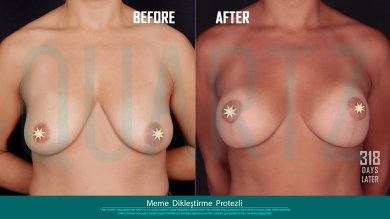 Before and after breast lift with implants results at Quartz Hospital, improved breast shape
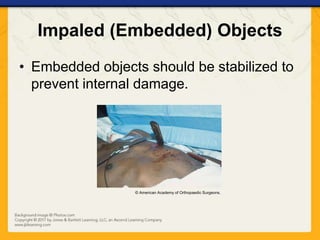 Ch09 presentation wounds | PPTX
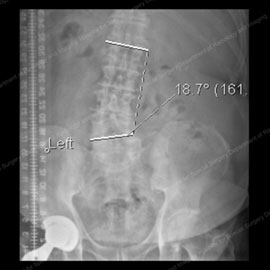 X-ray showing a more progressive case of degenerative scoliosis
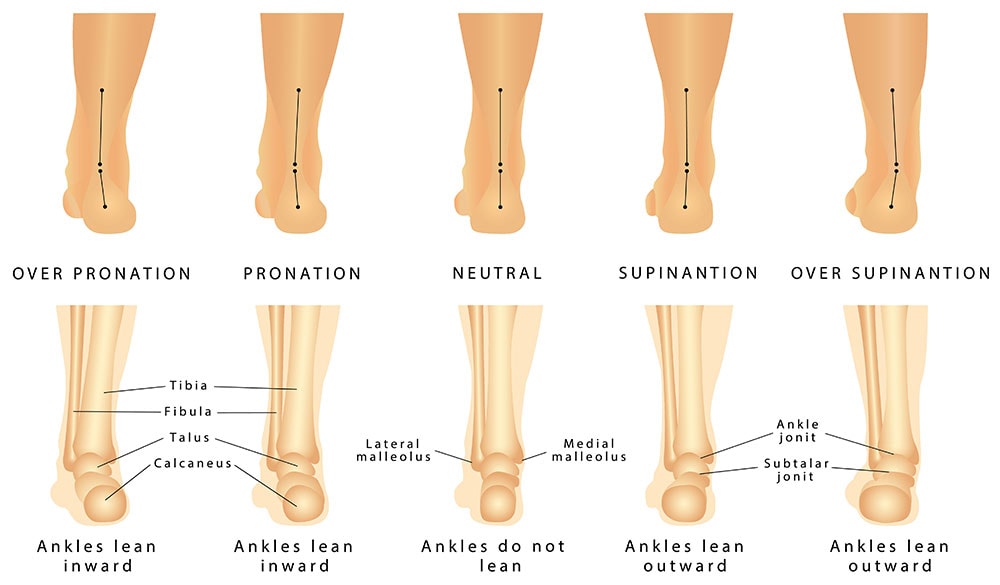 4 Questions to Ask Your Heel Spur Specialist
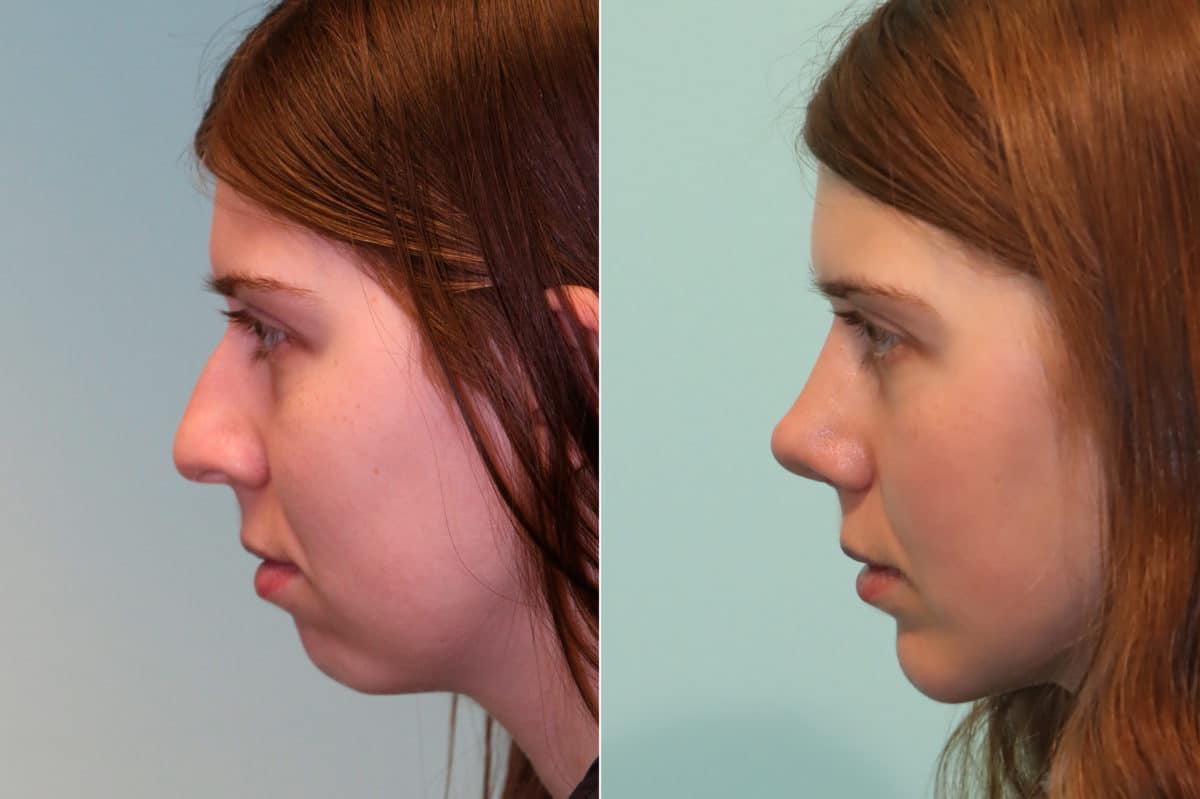 Before and after Chin & Facial Implant by Dr. Shervin Naderi, Patient 23073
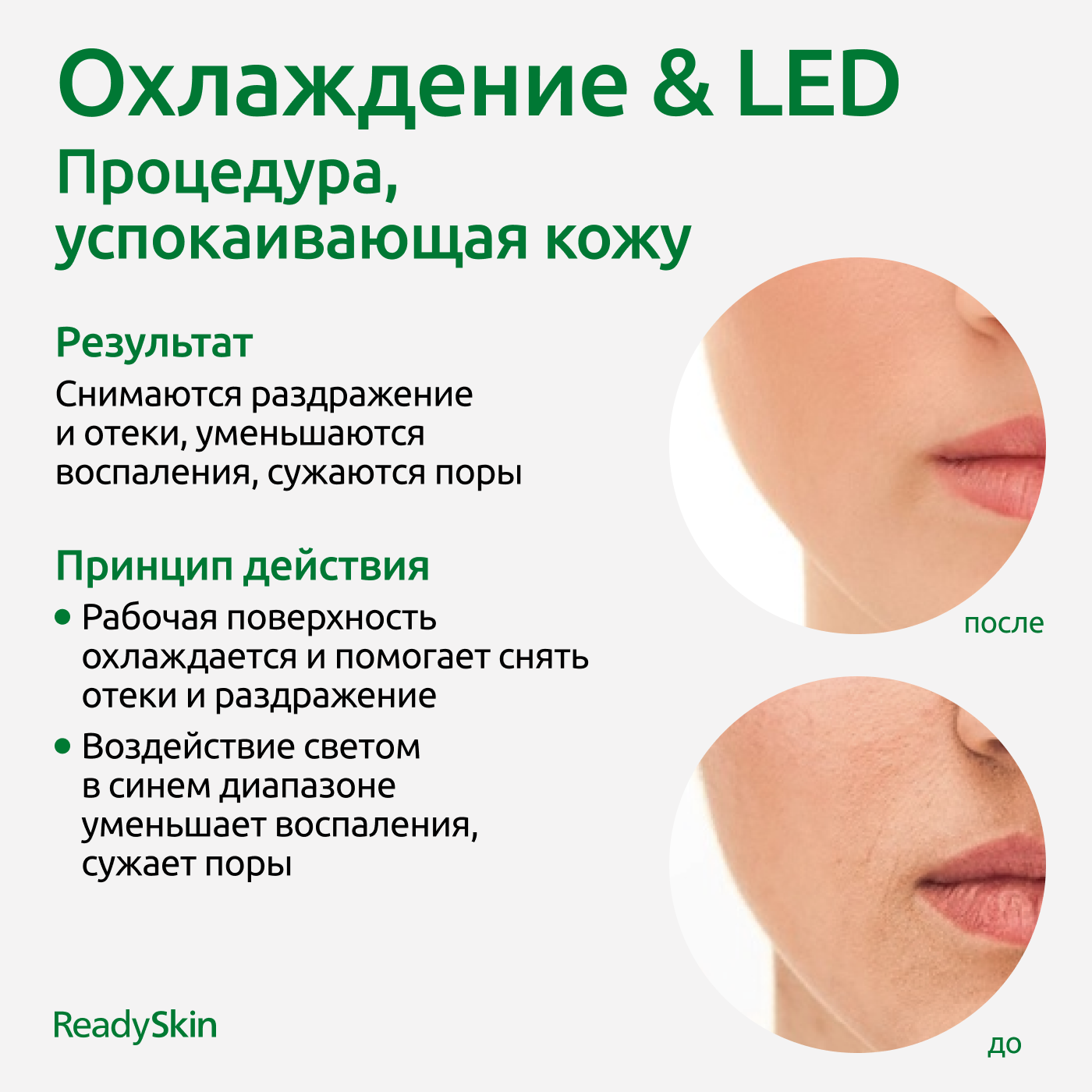 Аппарат для омоложения ReadySkin Eva - фото 9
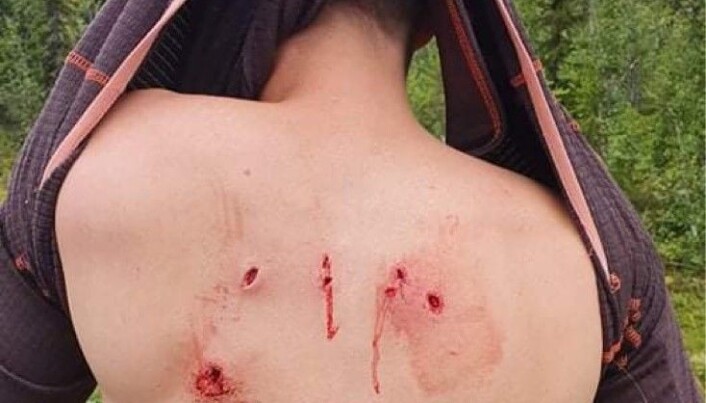 Daniel blev ordentligt biten innan björnhonan dog på hans rygg. Jaktkamraterna som hörde hans rop på hjälp på jaktradion sa att det lät som det sista dödsropet. Daniel blev ordentligt biten innan björnhonan dog på hans rygg. Jaktkamraterna som hörde hans rop på hjälp på jaktradion sa att det lät som det sista dödsropet.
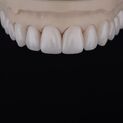 Natural restoration DSD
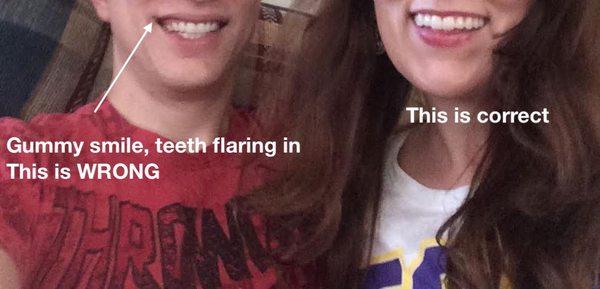 This is the result of their work: me on the left and how they misaligned my bite, and my relative on the right.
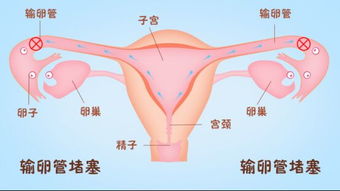 哪种情况下输卵管堵塞需要进行试管婴儿治疗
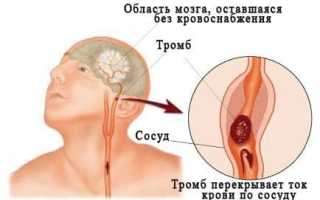 Причины нарушения мозгового кровообращения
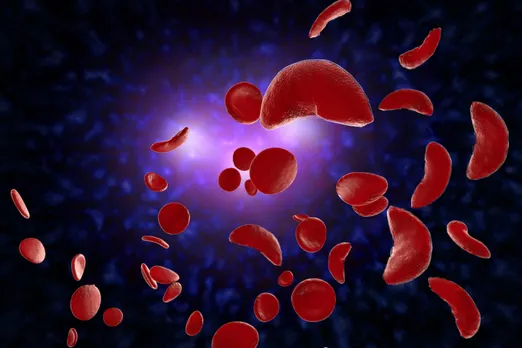 Sickle cell anaemia 11 times deadlier than thought, study finds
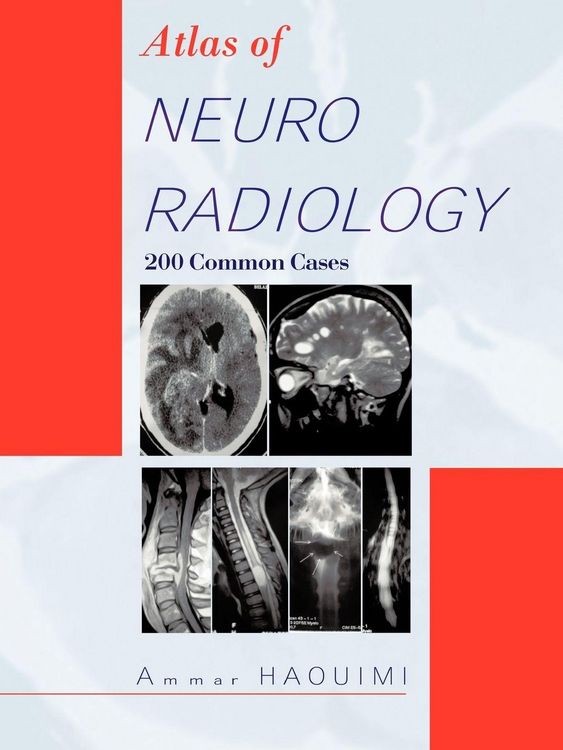 Produktbild: Atlas of Neuroradiology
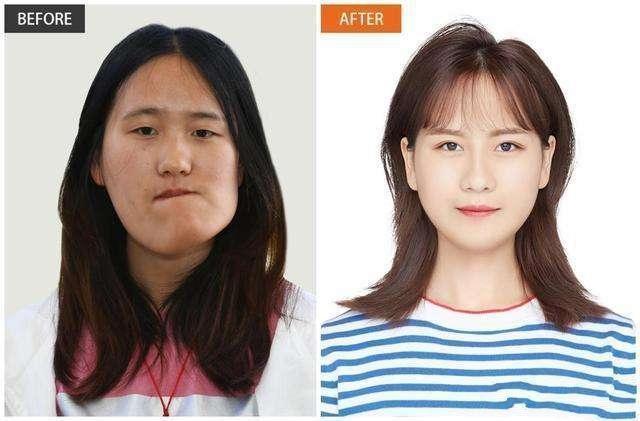 整容|歪脸女孩整容逆袭成女神,舍百万年薪当老师,这才是整容的意义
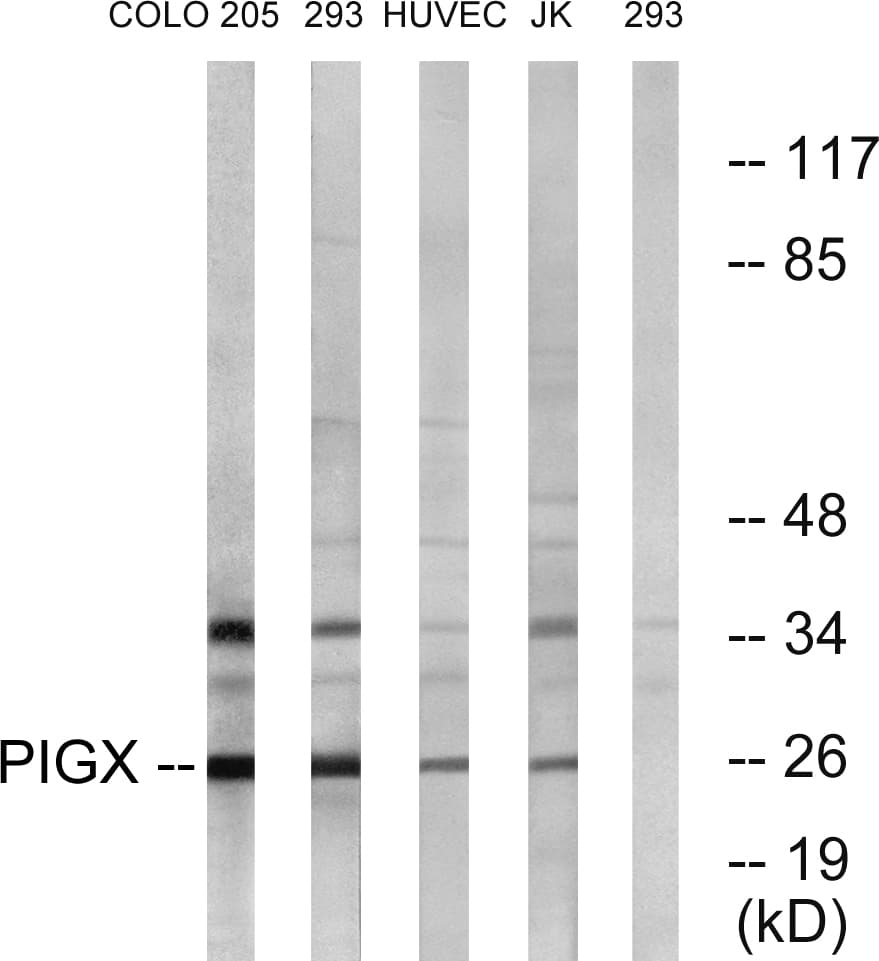 Polyclonal Rabbit anti-Human PIGX Antibody (aa183-232, WB)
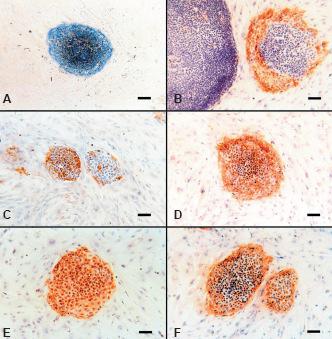 για αναγνώριση των hes cells είναι τα γλυκολιπίδια SSEA3 και SSEA4 και οι πρωτεογλυκάνες Tra-1-60 και Tra-1-81 [Adewumi et al., 2007].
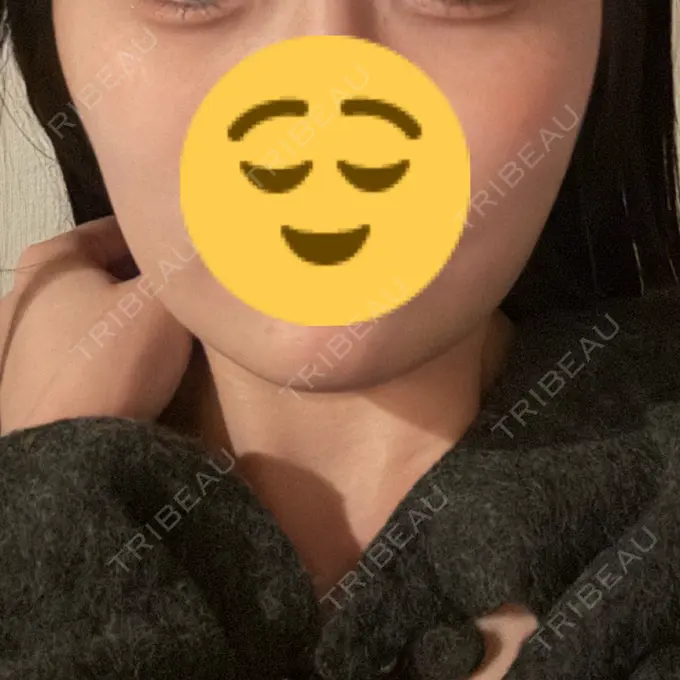 脂肪吸引（顔） / 脂肪吸引注射（顔） ziz CLINIC BEFORE メイン用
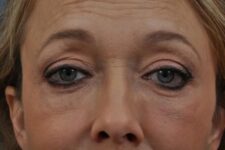 After Deep Plane Facelift Memphis, TN | The Langsdon Clinic
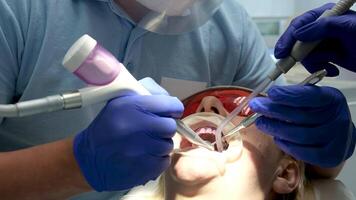 profesional dientes limpieza en un dental clínica, quitando piedras y placa, aplicando pintar a dientes entonces ese un capa de piedras es visible, especial el más nuevo dispositivos en dentistas, azul guantes, azul trajes video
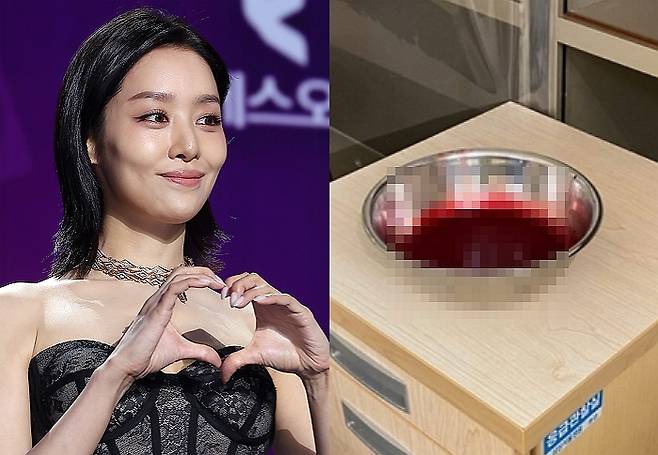 배우 차주영이 비출혈(코피) 증상으로 수술을 받은 가운데, 과거 심각했던 출혈량을 공개했다. /사진=뉴스1, 차주영 인스타그램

+ + + + +

Assignment: Give back, exactly as written, the lines from the top of the material above to the line containing "sista dödsropet. Daniel", both included; skip every picture.

Solution for this exercise:
 Before and after breast lift with implants results at Quartz Hospital, improved breast shape
 Ch09 presentation wounds | PPTX
 X-ray showing a more progressive case of degenerative scoliosis
 4 Questions to Ask Your Heel Spur Specialist
 Before and after Chin & Facial Implant by Dr. Shervin Naderi, Patient 23073
 Аппарат для омоложения ReadySkin Eva - фото 9
 Daniel blev ordentligt biten innan björnhonan dog på hans rygg. Jaktkamraterna som hörde hans rop på hjälp på jaktradion sa att det lät som det sista dödsropet. Daniel blev ordentligt biten innan björnhonan dog på hans rygg. Jaktkamraterna som hörde hans rop på hjälp på jaktradion sa att det lät som det sista dödsropet.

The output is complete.